This week, officials of Reckitt-Benckiser, the pharmaceutical company that manufactures Suboxone and Subutex, announced its plan to stop manufacturing Suboxone tablets. The drug company says the tablets will be phased out over the next six months. According to their press releases, the company decided to discontinue manufacture of Suboxone tablets, “Because of strong evidence that the tablet form of Suboxone is linked to significantly higher rates of pediatric exposure as compared with…the film.”
Reckitt Benckiser says they are basing their action on data from the Poison Control center from September that showed there were around 8 times as many accidental Suboxone exposures in children with tablets versus films. They say they are taking action in the interest of public health.
The drug company says that since the films and tablets are clinically interchangeable, patients presently taking tablets won’t be adversely affected.
In the most recent issue of Alcohol and Drug Abuse Weekly, a spokesman for the company said per 10,000 Suboxone patients, there were .71 pediatric exposures to the film and 6.25 pediatric exposures to the tablets. These numbers were statistically significant. (1)
I believe their data. It makes sense that children would have a harder time opening one of those foil packets of Suboxone film than opening a prescription bottle of tablets. Plus, with a bottle there’s more than one dose available for ingestion, while one packet yields only one potential dose. The tablets also have an orange-y smell and taste, and may be more appealing to young children than other types of pills.
I also think Reckitt Benckiser’s film is a better product than their tablet. Most of my patients do prefer the film, saying it dissolves faster and tastes better.
However…maybe I’m too cynical when it comes to drug companies, but I don’t believe pediatric exposure is the only reason the drug company is ceasing manufacture of the tablets. I think it’s also a financial decision. The film’s patent doesn’t expire for more than ten more years, while the tablet’s patent has already expired. The Reckitt Benckiser rep for my area told me months ago that the company was considering taking the tablets off the market.
I think the recent data about pediatric overdose with tablets gave RB a great excuse to pull their tablets off the market, “For the kids…” The drug company would be open to criticism if they pulled the tablets for a purely financial motive, but who could criticize a drug company for trying to prevent the death of children? I do wonder how pediatric overdose rates of Suboxone tablets compares with other prescription opioids, but after scouring the internet can’t find that information.

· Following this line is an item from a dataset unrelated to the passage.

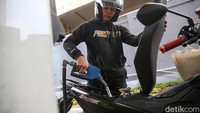 Di sisi lain, perusahaan minyak dan gas lainnya, yaitu Shell Indonesia sudah menaikkan harga BBM nya nyaris Rp 1.000 per liter sejak 1 Februari 2022.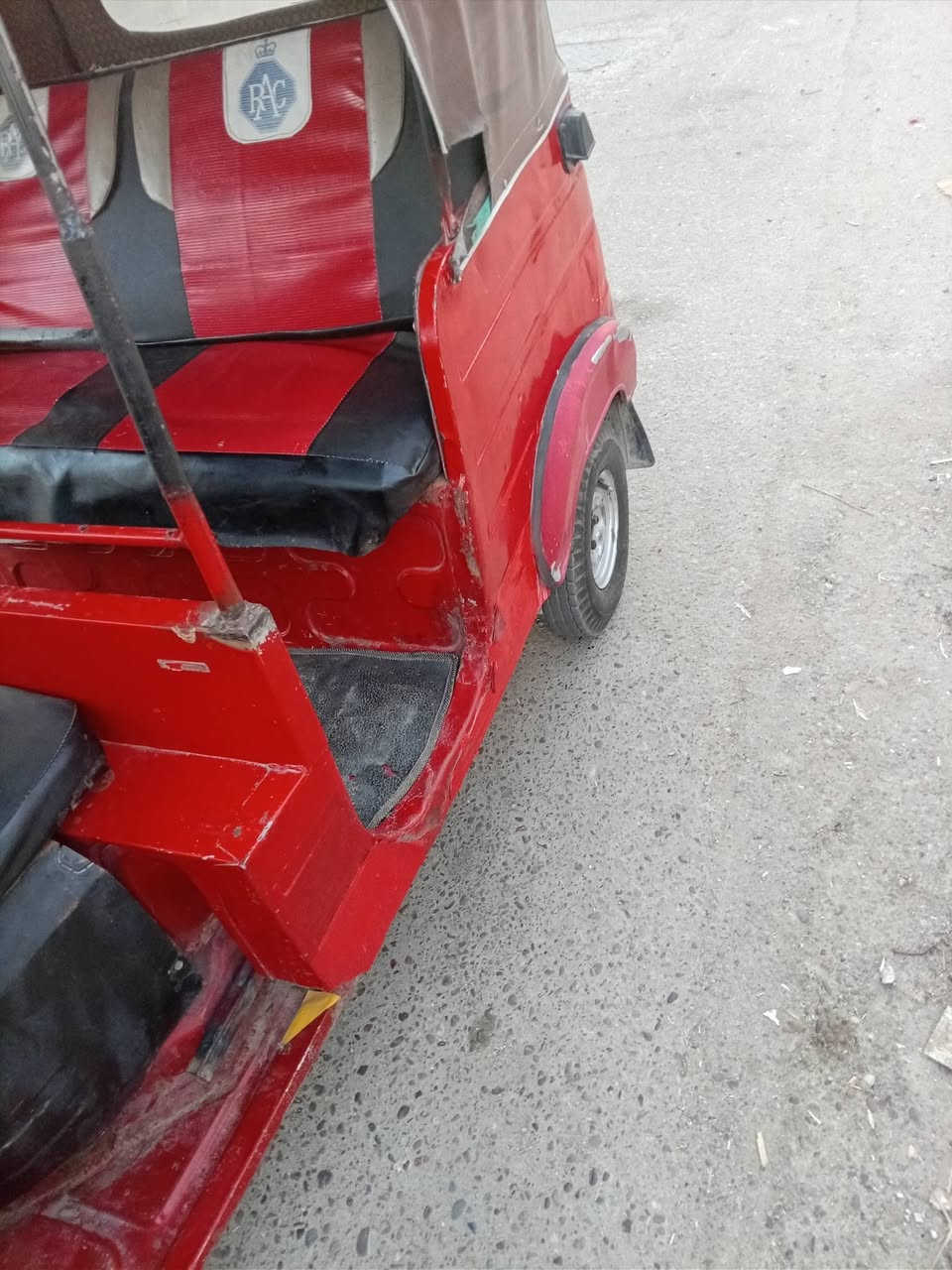 سلام عليكم تكتك البيع مديل 18 رقم بغداد بسمي تحويل رستميه 70062088841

I wondered how RB’s decision will affect my patients. I’m worried about a small number of my patients who, for whatever reason, didn’t like the films. These patients are all doing great in their recovery, and show no sign of medication diversion. They aren’t “bad” patients trying to scheme a way to misuse medications. Many of them have been in stable recovery, assisted by Suboxone tablets, for more than three years. All tried the film when it was released, and found it lacking. Some patients didn’t like how the films were crumbling, a problem that seems to have resolved over the last six months. I have about twenty-five people in my practice who prefer Suboxone tablets to films.
Today in my office practice I saw three patients of these patients. All of them, by the way, keep their medication locked up and safely away from children. I explained the situation to them, and told them I would like to switch them to the film, because the tablets were going to be phased out over the next six months. Two grudgingly said they would switch but wanted to wait until it was absolutely necessary. The third said he’s prefer to switch to the generic buprenorphine tablets, because he hated the film and didn’t feel like it worked nearly as well.
Overall I don’t like to prescribe generic buprenorphine in the office, because it has higher street value and is easier to misuse. Since the generic buprenorphine has no naloxone in it, it can be injected. I don’t usually prescribe it unless the patient has no insurance, is stable in their recovery with no recent IV drug use, and can’t afford name brand Suboxone. In my area, the generic buprenorphine tablets are less than half the cost of either Suboxone film or tablet. For some patients, being able to buy the cheaper generic has made it possible for them to afford to remain in treatment. Their other option would be to go to the methadone clinic, and many patients prefer treatment in an office setting, obviously.
My patient today has been in recovery for three years. He has a sponsor, goes to 12-step meetings several times per week, has never had a positive drug screen the whole three years, has a stable home, wife, kids, and also finds time to help his aging parents. I’m going to prescribe generic buprenorphine tablets for him.
This won’t be the right answer for all my patients. Some will have to try the Suboxone films again, and I hope that will work for them.
Because of this pediatric overdose information I’m going to ask every patient – on films or tablets – how they store their medication, to make sure it’s safe.